I don't know JH so this isn't pointed only at him, these are simple business "rules of thumb". 
If I went to Monty for an A/C unit or CoolChange for some cabinets and got misquotes and delays I'd not be back to do business with them anymore and I'd be telling everyone I know about it too. 
They say word of mouth is the best advertising a business can get, well it's just as powerful when it's negative. 

Later,

Jeff


----------



## Bigwater (May 21, 2004)

Porky,
You're not talking to someone here that wants something for free. Not at all. I want what I paid for. I told jh that half way through the deal. I could tell you the WHOLE story but that would damage the co. even further. No need for that right now. My invioce clearly states that my boat was to be spec'd with a leaning post with back rest and dual foot rest. John told me at the show that if I ordered that particular post it would come with a storage tray under the pad also. I went to pick the boat up and there was no tray, no dual foot rest, and no back rest. When I called John about it he said that my deal had changed and his paperwork showed me with what I received. When I found my invioce stating otherwise ten minutes later I called and he didn't answer. Left a message telling him what I had found and for him to call me. That was over 4- weeks ago. He left a message yesterday morning. I told him I'd be down there sometime next week and we'd go over this stuff. He sounded like he was ready to make it right. No, I don't want anything for free just what I specified to be installed on the boat when the deal was cut at the show. With a couple extras as we came along that were properly paid for.

Bigwater :sheepy:


----------



## justfishing2002 (May 21, 2004)

My two cents on the matter. You should get what you pay for, and If not tell everyone you see your story. The best advertiving is word of mouth. if its good you will recive yours if its not then your business will suffer. Correct my if _am wrong .But arent the Jh hull same as a shoawater, explorer,bell, desinty. If that ic correct maybe your problem comes from dealing with a middleman. Me ,myself I purchage 24' El pescador directly from Dave Kveton. Ordered the boat April 1 03 went to pick up May 3. 03 Fully ready to go no problems to speak of. These guys are some of the most perfesional guys I have ever had the pleasure of dealing with. And as for peformance well the boat speaks for its self. Drive one and you will want one. There has tobe a reason you cant find a used one for sale._


----------



## Copzilla (May 21, 2004)

Bigwater said:


> No, I don't want anything for free just what I specified to be installed on the boat when the deal was cut at the show. With a couple extras as we came along that were properly paid for.
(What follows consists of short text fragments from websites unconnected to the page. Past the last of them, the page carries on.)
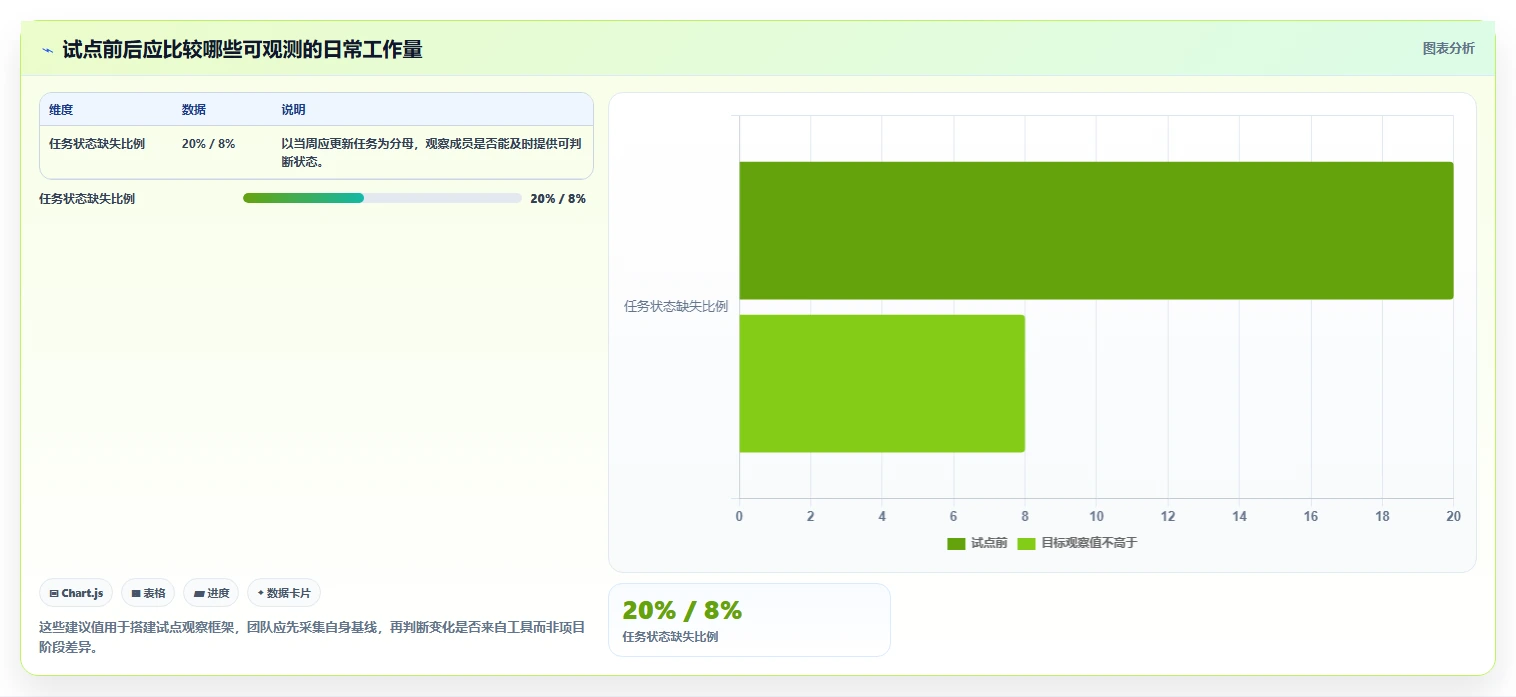 选对工具事半功倍:2026年资料易进度计划软件选型指南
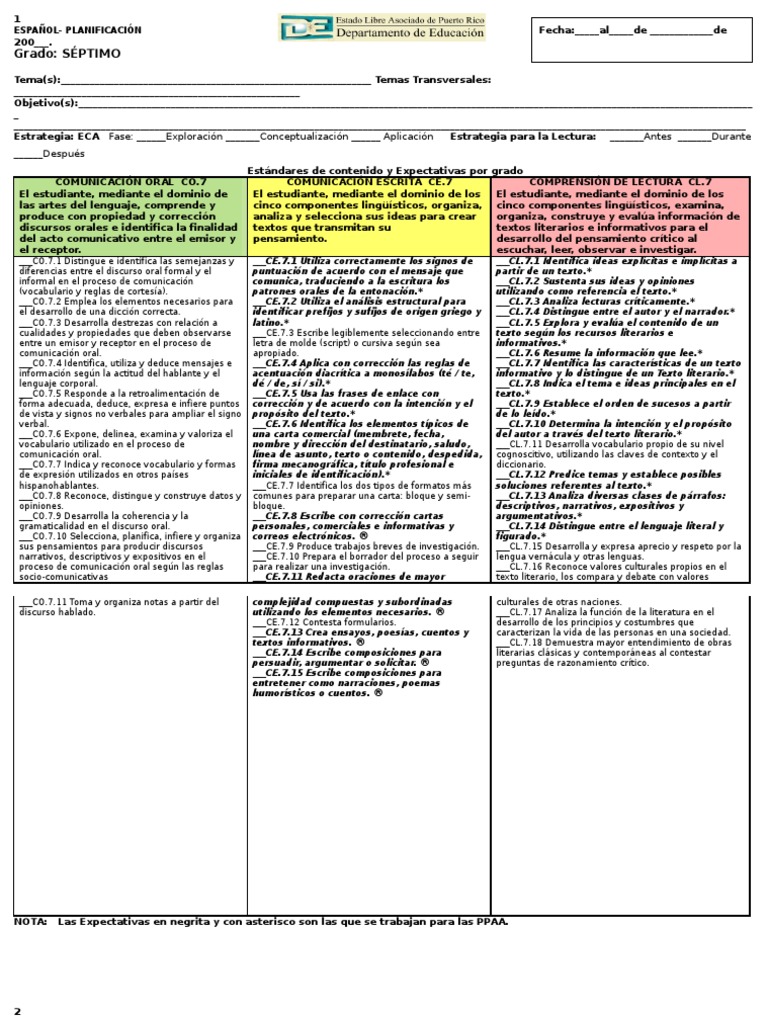 7 Plan sÉptimo Grado Habla Comunicación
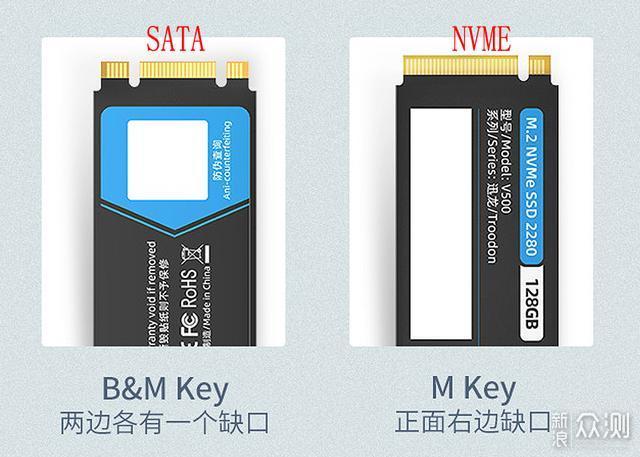 NGFF和NVME磁盘皆宜，ORICO双盘位硬盘盒_新浪众测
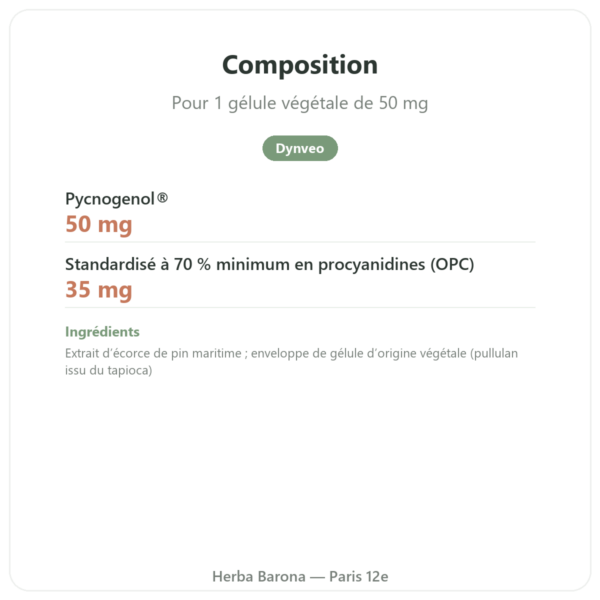 Pycnogenol 50 mg 60 Gél. Dynveo composition valeurs nutritionnelles Paris Herba Barona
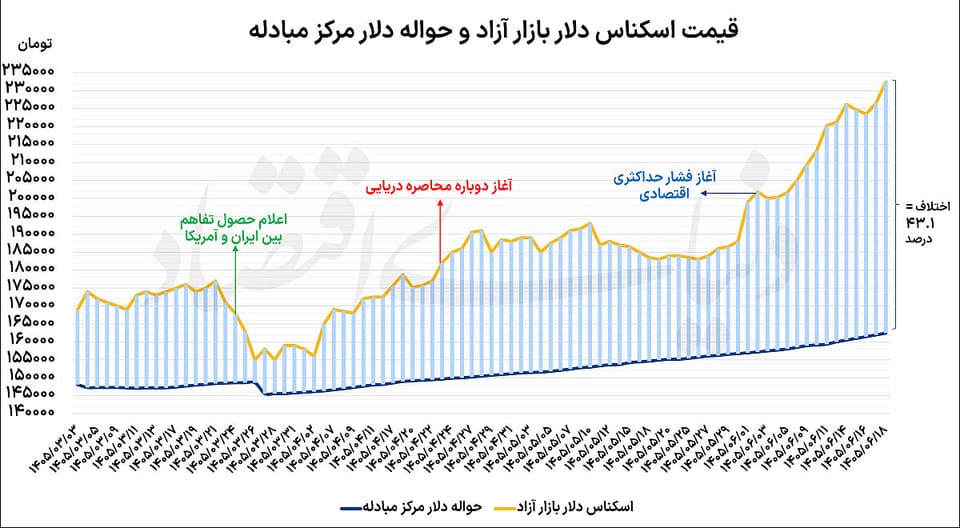 نرخهای جدید دلار و سکه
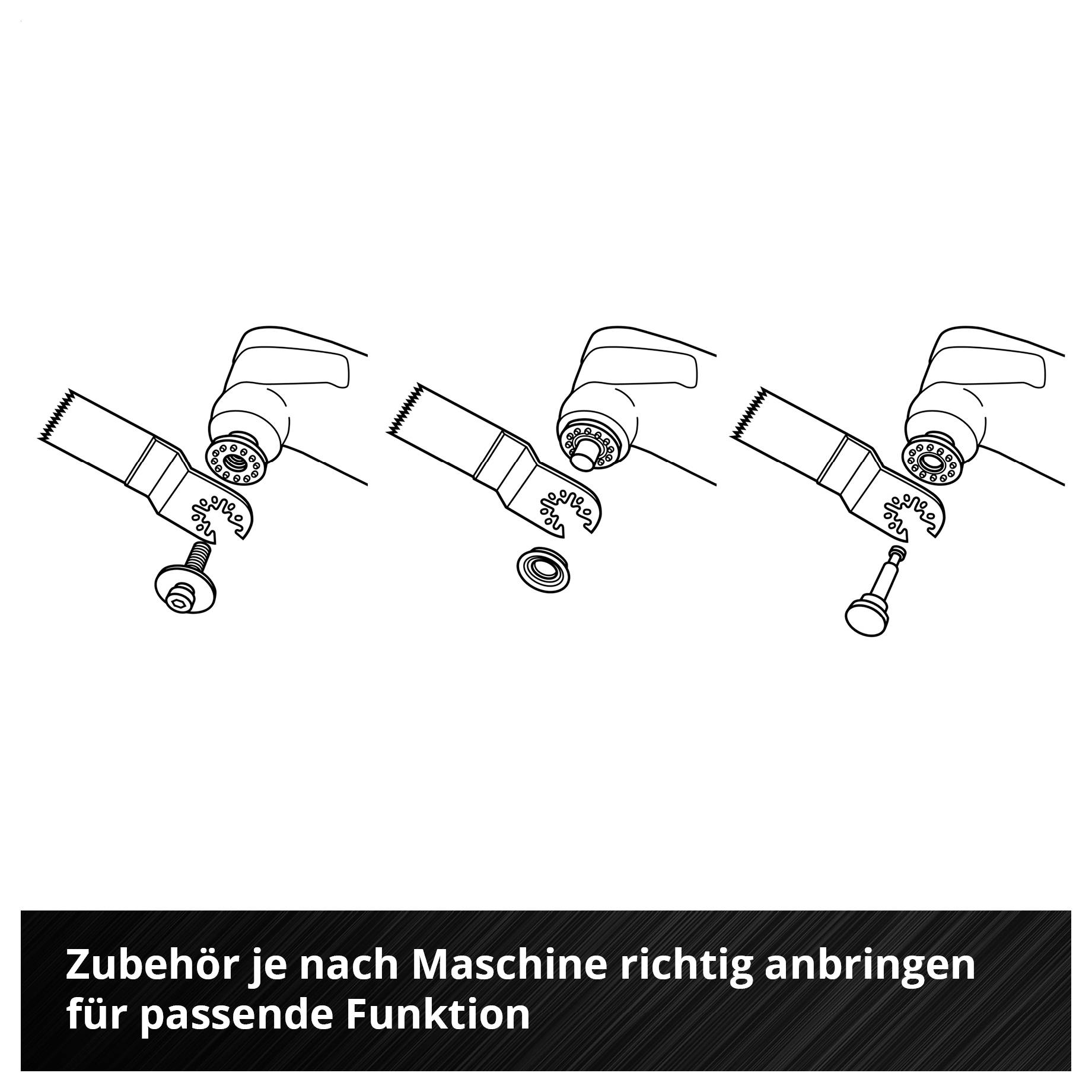 Drei Abbildungen zeigen, wie Zubehör richtig an einer Maschine angebracht wird. Text: Zubehör je nach Maschine richtig anbringen für passende Funktion.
That's a good post, Bigwater, and you SHOULD get exactly what is ironed out in the deals. Too many companies hedge and screw people over, and it's an unfortunate fact of life, but when that happens, people need to know about it. You're doing a public service in telling people.

Look at how many people know about crappy Travis Boating Center now... It's because of word of mouth.

JH boats look great, but if I were to buy one now, I'd be looking very carefully. I'd be specifying in contract what happens when timelines aren't made, I'd get things in writing with them beforehand.

Here's a clue to EVERYONE - Bigwater shouldn't even have to go through this... AT ALL. He paid his perfectly good money, what's the company doing to reward him for it? Screwing up the order, late on the order, not returning calls, not installing the right options?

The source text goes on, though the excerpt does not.